I also mentioned an article I wrote for the Chronicle of Higher Education back in 1988 where I argued that the fairest way to fill a freshman class in a highly selective admissions environment is to use random selection from among those identified as being qualified for admission.  It was my first article about college admission, and it is old enough that it does not exist in the Chronicle archives, but my tech person at school (who also happens to be my son) helped me scan it and convert it so I could reprint it as a blog post.  You will note that I was even more verbose back then than now.

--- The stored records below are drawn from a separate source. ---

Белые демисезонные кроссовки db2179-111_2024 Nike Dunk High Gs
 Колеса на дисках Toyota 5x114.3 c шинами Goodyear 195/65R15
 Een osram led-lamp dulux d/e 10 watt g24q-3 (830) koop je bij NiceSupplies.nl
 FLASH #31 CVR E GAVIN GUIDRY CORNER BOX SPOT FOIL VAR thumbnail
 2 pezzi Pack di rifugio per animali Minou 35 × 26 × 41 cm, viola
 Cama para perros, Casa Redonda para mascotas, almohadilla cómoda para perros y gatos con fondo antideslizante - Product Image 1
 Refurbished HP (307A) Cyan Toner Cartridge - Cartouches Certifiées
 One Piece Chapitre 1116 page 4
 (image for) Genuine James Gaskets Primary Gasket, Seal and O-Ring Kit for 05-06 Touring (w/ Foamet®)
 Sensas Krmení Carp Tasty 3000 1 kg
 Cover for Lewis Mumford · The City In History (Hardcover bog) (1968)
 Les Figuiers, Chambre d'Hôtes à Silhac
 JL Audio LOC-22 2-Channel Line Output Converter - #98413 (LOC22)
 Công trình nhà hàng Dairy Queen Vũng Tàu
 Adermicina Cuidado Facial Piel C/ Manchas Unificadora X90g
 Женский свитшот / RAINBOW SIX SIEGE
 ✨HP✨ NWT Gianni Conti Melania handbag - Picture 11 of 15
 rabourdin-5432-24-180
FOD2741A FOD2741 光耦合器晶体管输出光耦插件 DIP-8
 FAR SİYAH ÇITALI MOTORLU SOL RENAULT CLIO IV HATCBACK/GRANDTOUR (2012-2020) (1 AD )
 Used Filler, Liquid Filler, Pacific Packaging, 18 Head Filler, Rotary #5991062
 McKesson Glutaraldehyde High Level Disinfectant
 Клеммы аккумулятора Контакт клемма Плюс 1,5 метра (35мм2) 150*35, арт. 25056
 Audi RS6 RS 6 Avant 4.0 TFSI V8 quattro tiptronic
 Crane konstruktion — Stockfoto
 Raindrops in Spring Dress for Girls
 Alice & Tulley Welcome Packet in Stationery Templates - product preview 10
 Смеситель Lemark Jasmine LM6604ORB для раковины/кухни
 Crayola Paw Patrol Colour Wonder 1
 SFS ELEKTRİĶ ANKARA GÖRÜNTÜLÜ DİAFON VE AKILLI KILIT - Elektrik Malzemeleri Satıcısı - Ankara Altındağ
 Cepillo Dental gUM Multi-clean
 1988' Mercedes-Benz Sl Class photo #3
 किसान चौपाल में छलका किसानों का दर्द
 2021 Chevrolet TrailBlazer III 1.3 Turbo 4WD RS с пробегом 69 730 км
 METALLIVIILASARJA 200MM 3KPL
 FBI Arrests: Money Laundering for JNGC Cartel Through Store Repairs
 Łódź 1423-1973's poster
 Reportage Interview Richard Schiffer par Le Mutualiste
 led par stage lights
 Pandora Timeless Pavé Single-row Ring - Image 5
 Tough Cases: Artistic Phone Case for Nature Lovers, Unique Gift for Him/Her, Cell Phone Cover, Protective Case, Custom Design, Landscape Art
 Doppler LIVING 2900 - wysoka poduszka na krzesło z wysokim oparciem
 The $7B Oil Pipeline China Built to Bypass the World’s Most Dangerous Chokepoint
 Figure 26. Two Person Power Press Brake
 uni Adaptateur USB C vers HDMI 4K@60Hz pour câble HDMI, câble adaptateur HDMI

You will also note that ECA has a new home.  That is also at the urging of my son the tech guru (read the previous phrase by channeling your favorite Jewish mother character from television or the movies).  He has been encouraging me to develop a website to house the blog and other work, and so here we go.  We hope to add content and features in the coming months.

I’m also hoping to adapt the blog somewhat, or at least return to my original vision from its founding three years ago.  At the time I planned for a mixture of long and short posts, a mixture of news notes and opinion pieces, but the blog has become more about the longer opinion pieces (sermonettes).  I am going to try to post more regularly with a mixture.  On Monday I’ll try to post a summary of this week's oral arguments on affirmative action before the Supreme Court in the return of Fisher v. Texas.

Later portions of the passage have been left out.